▶ _WORK INSTRUCTION_: Give the data again word for word; drop the pictures.

▶ _DATA BLOCK_:
--------------------------------

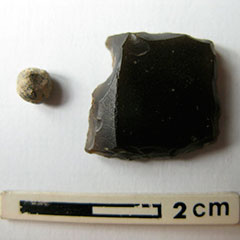 Photographie couleur d'une pierre à fusil en silex noir et d'une balle de fusil en plomb.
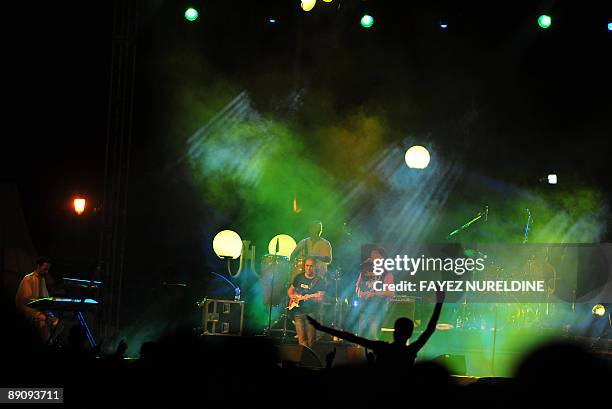 Algerians attend a music rally for the Algerian Rab singer Chab Belal in front of the "unknown soldier" memorial in Algiers on July 18, 2009 during...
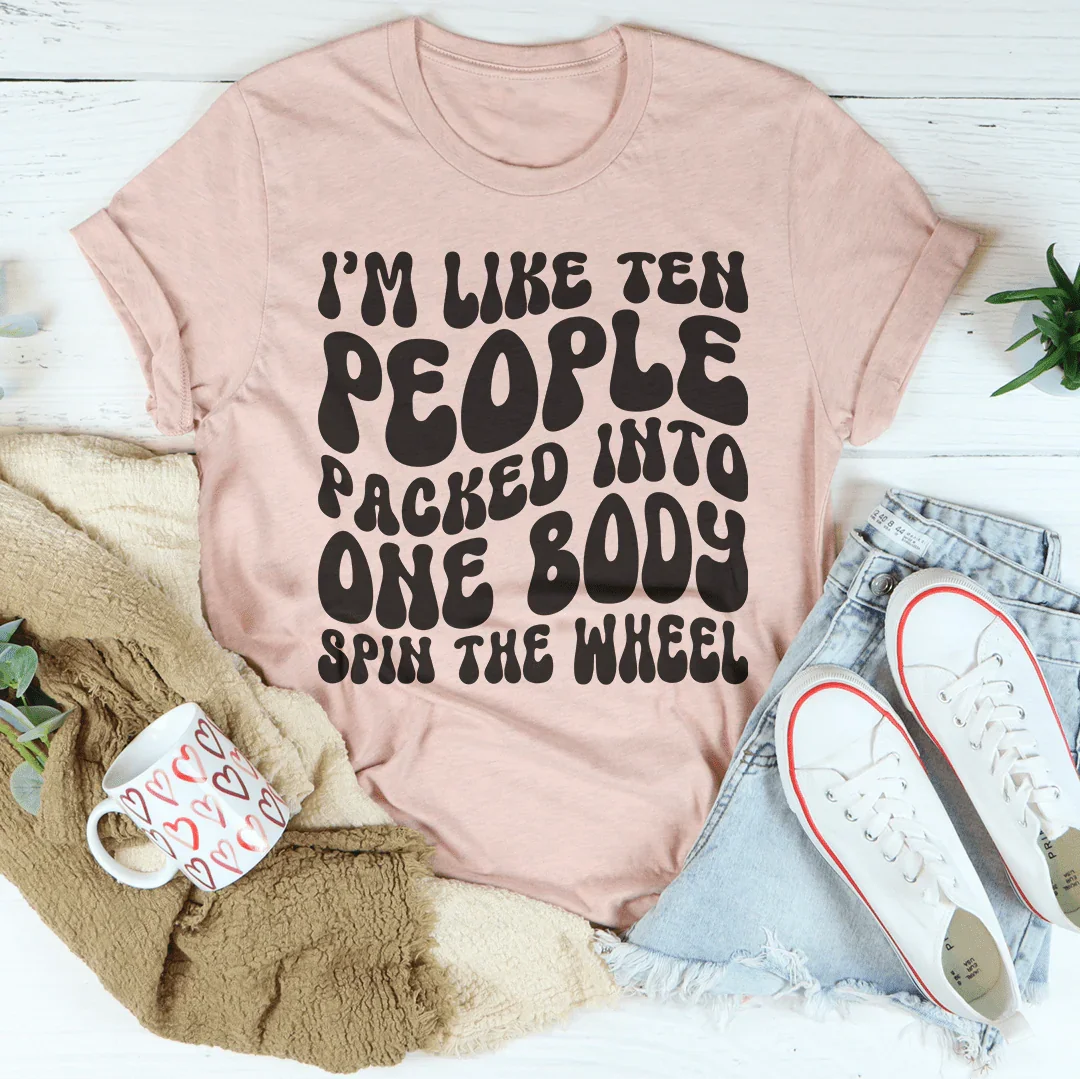 I’m Like Ten People Packed Into One Body Spin The Wheel Tee Heather Prism Peach / S Peachy Sunday T-Shirt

--------------------------------

▶ _SOLUTION BELOW_:
 Photographie couleur d'une pierre à fusil en silex noir et d'une balle de fusil en plomb.
 Algerians attend a music rally for the Algerian Rab singer Chab Belal in front of the "unknown soldier" memorial in Algiers on July 18, 2009 during...
 I’m Like Ten People Packed Into One Body Spin The Wheel Tee Heather Prism Peach / S Peachy Sunday T-Shirt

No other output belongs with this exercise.